● **DESCRIPTION OF THE TASK**: The task calls for an exact retyping of the lines from the one holding "Veduta dall'alto della" through the end of the listing, with pictures omitted and nothing added.

● **DATA FOR REVIEW**:

::::::::

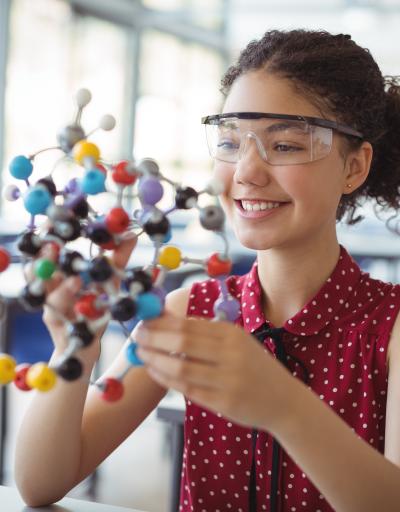 young girl learning with a molecular model
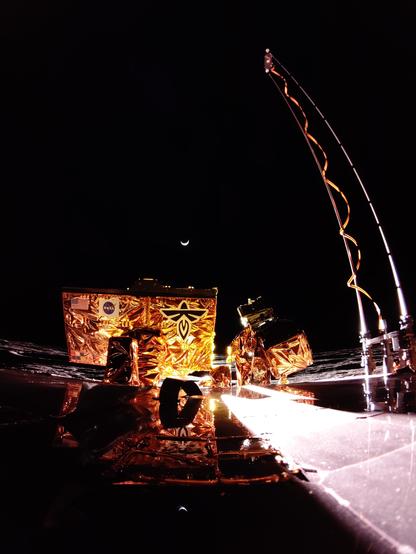 Blue Ghost lunar lander with a crescent Earth on the horizon. 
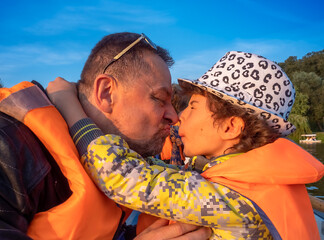 Father gives his son a kiss in a boat on the lake. Family in vests have fun during autumn walk in the park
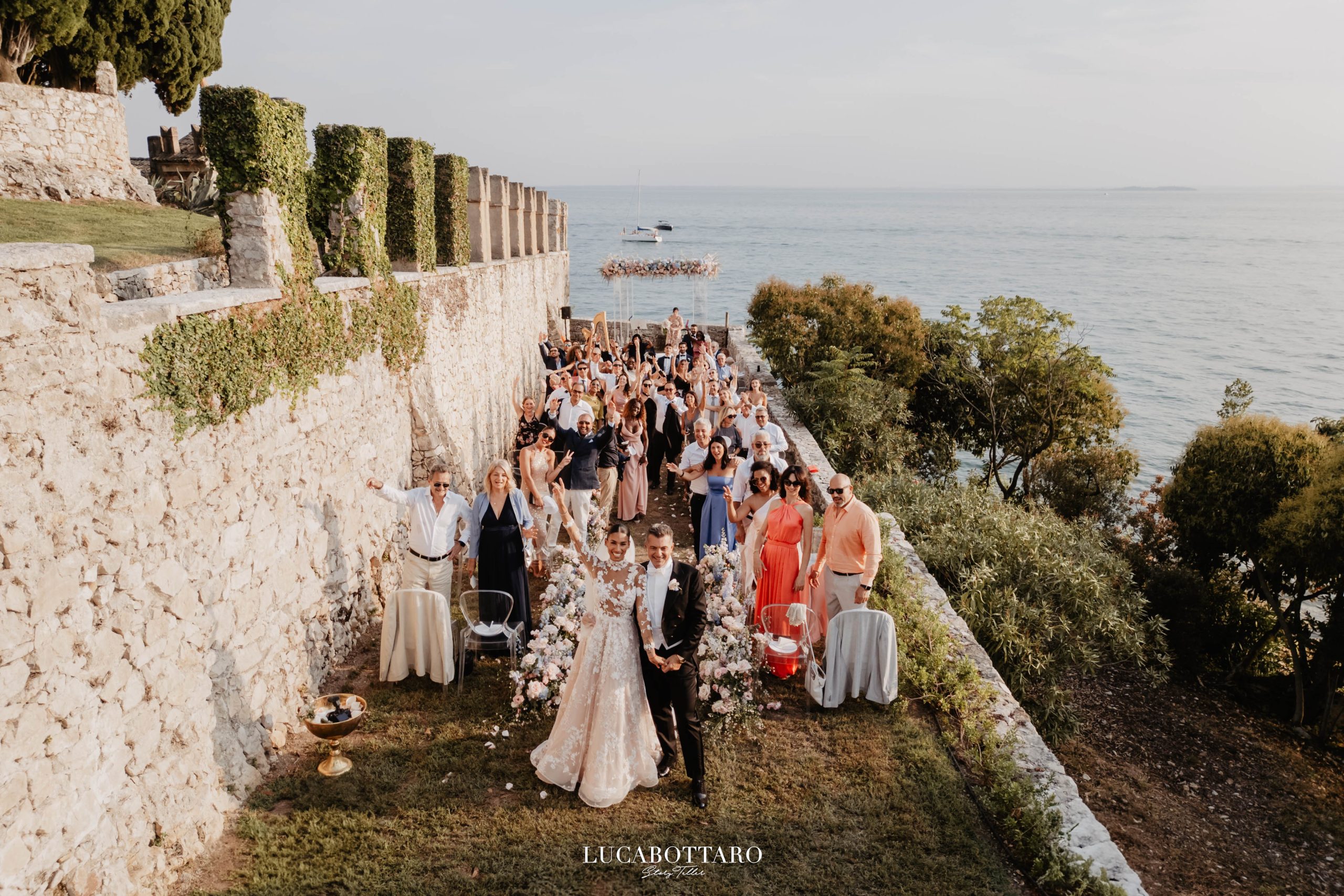 Veduta dall'alto della cerimonia a Villa San Vigilio: sposi in fondo alla navata, invitati in festa, mura merlate e lago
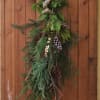 Instead of a classic wreath, go with a wintertime natural door swag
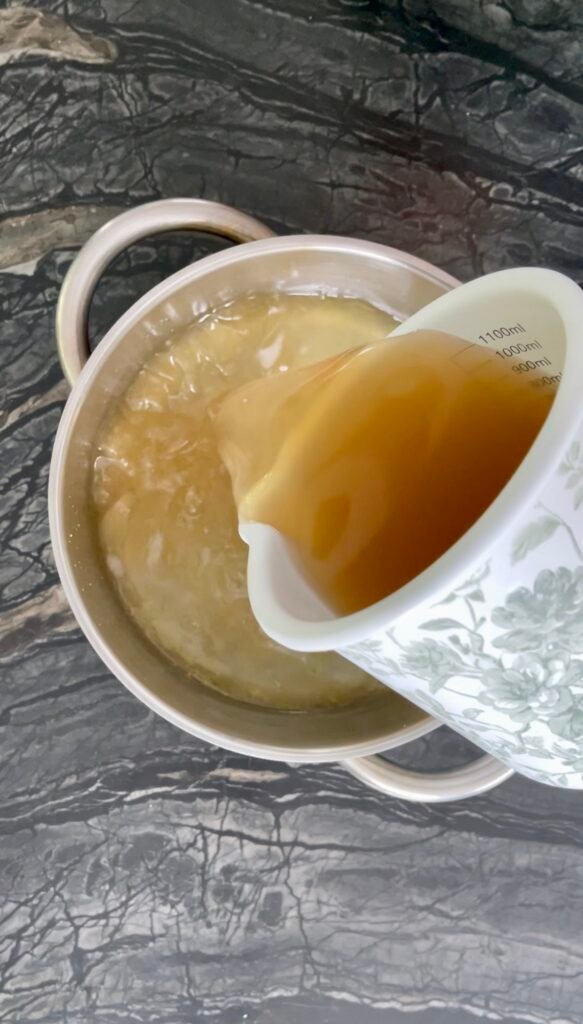 Apple lemon balm jelly strained lemon balm apple juice added to the pot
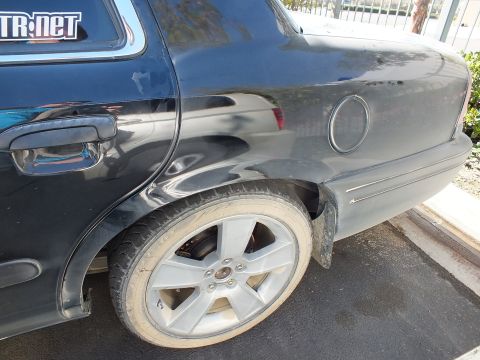 2003 Ford Crown Victoria - Close shot of a black sedan's rear fender, fuel filler door and five-spoke alloy wheel.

::::::::

● **RESULT OF THIS EXERCISE**:
 Veduta dall'alto della cerimonia a Villa San Vigilio: sposi in fondo alla navata, invitati in festa, mura merlate e lago
 Instead of a classic wreath, go with a wintertime natural door swag
 Apple lemon balm jelly strained lemon balm apple juice added to the pot
 2003 Ford Crown Victoria - Close shot of a black sedan's rear fender, fuel filler door and five-spoke alloy wheel.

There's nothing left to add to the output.